Research into combined impacts on lifeline systems
UC researchers and students investigating combined impacts on lifeline systems
September 30, 2013
Two University of Canterbury (UC) researchers are investigating how the 2010 and 2011 earthquakes have increased flooding risks in the greater Christchurch area.
They are also examining implications for critical lifeline systems and coastal communities.
Civil and natural resources engineering researcher Dr Sonia Giovinazzi and geography senior lecturer Dr Deirdre Hart are studying the increased likelihood of flood potential phenomena due to earthquake-induced geotechnical and secondary hazards as well as investigating the impacts that the combined flooding-earthquake risks might have on lifeline systems.
Project leader Dr Giovinazzi says that the combined ground subsidence and damages to storm water control system following the earthquakes might have affected the ability to meet the long-term flood protection levels that residents and businesses rely upon.
``When targeting the enhanced resilience of lifelines systems to natural disasters, we wrongly tend to regard hazards as discrete events,’’ Dr Giovinazzi says.
``The Canterbury earthquakes and the earthquake and tsunami event in east Japan in 2011 demonstrate the issues impacting the resilience of lifeline systems in relation to earthquake-induced multi-hazard interactions.’’
She is working with US and Japanese researchers to assess the vulnerability of lifeline systems from a multi-hazard perspective and to identify possible combined risk mitigation strategies.
``These issues require further investigation to understand how the multi-hazard impacts on lifeline systems may be cost-effectively mitigated.’’

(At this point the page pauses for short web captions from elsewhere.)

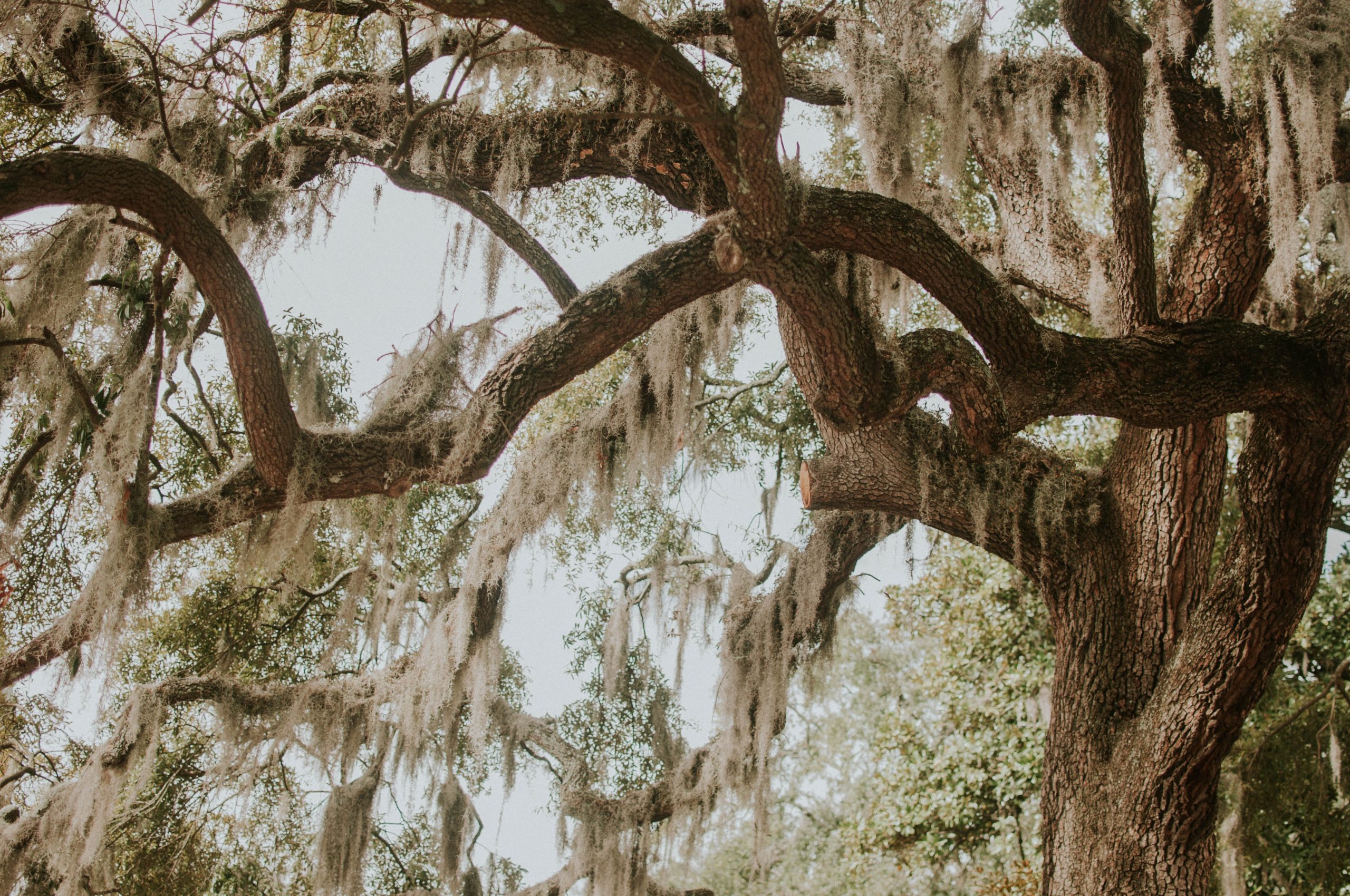 Psychedelic laws in Georgia
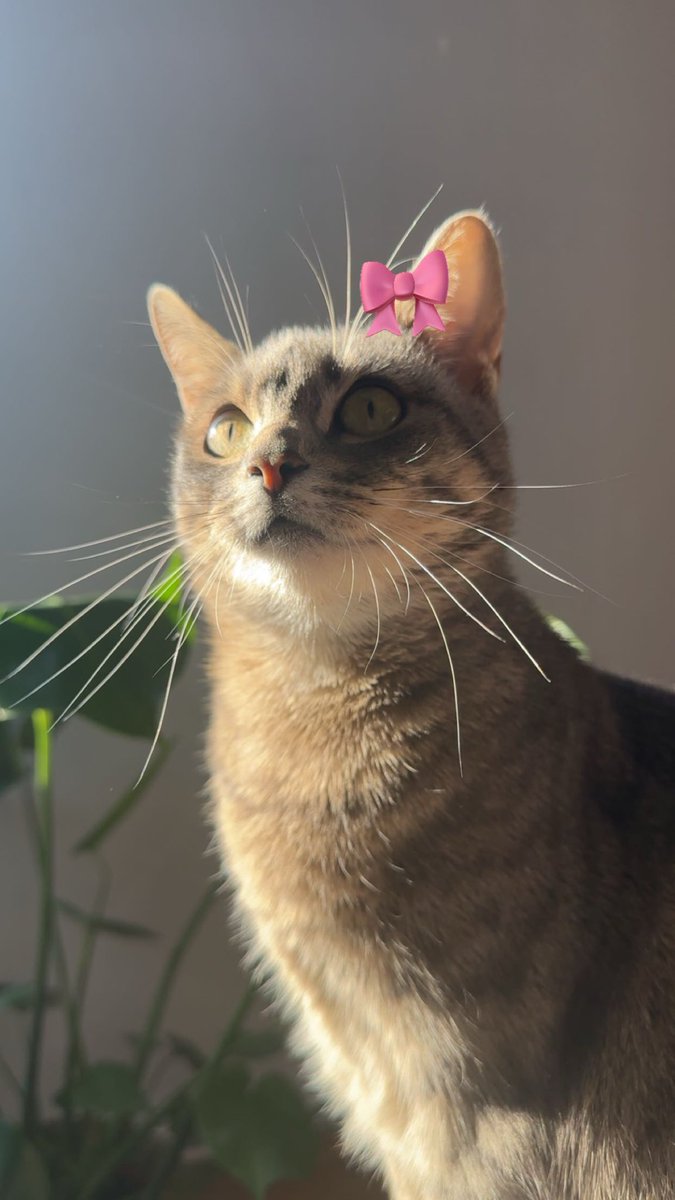 sait_ama213's tweet photo. Et voilà je suis triste 
Je dois donner mon chat demain 
Je l’ai eu quand elle avait 3 mois
Elle m’a suivie partout depuis 3 ans.. jusqu’en Algérie 
C’était un cadeau de mon mari pour surmonter ma dépression 
Je sais qu’elle sera dans une bonne famille https://t.co/IRk51LQaTZ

The assessment of cascade multiple-hazards and their implications is particular relevant for planning risk mitigation strategies for coastal communities.
Coastal risk assessments need to be revisited because of the earthquakes. Dr Hart says lessons from Christchurch can make New Zealand’s coastal cities, like Auckland, Wellington and Dunedin, more disaster-resilient.
``Preparing and planning for future major events avoids exacerbating existing and future coastal hazards,’’ Dr Hart says.
``The events of 2010 and 2011 triggered extreme liquefaction, flooding, sub-aerial and submarine ground deformation, riverbank rafting and channel shrinkage, fine sediment pulses in tributaries, streams, estuaries and beaches, pollutant leakage into waterways and widespread failures of coastal and riverside lifelines networks.’’
The UC project is being funded by the Natural Hazard Research Platform of New Zealand and will include a masters postgraduate student soon to be appointed.
The research will be conducted in collaboration with crown research agencies NIWA and GNS Science, and with local and authorities including Stronger Christchurch Infrastructure Rebuild Team (SCIRT), Environment Canterbury and the Christchurch City Council.
Civil and natural resources engineers Dr Alessandro Palermo and Dr Tom Cochrane and geography researcher Dr Christopher Gomez are also working on the project.
Dr Sonia Giovinazzi.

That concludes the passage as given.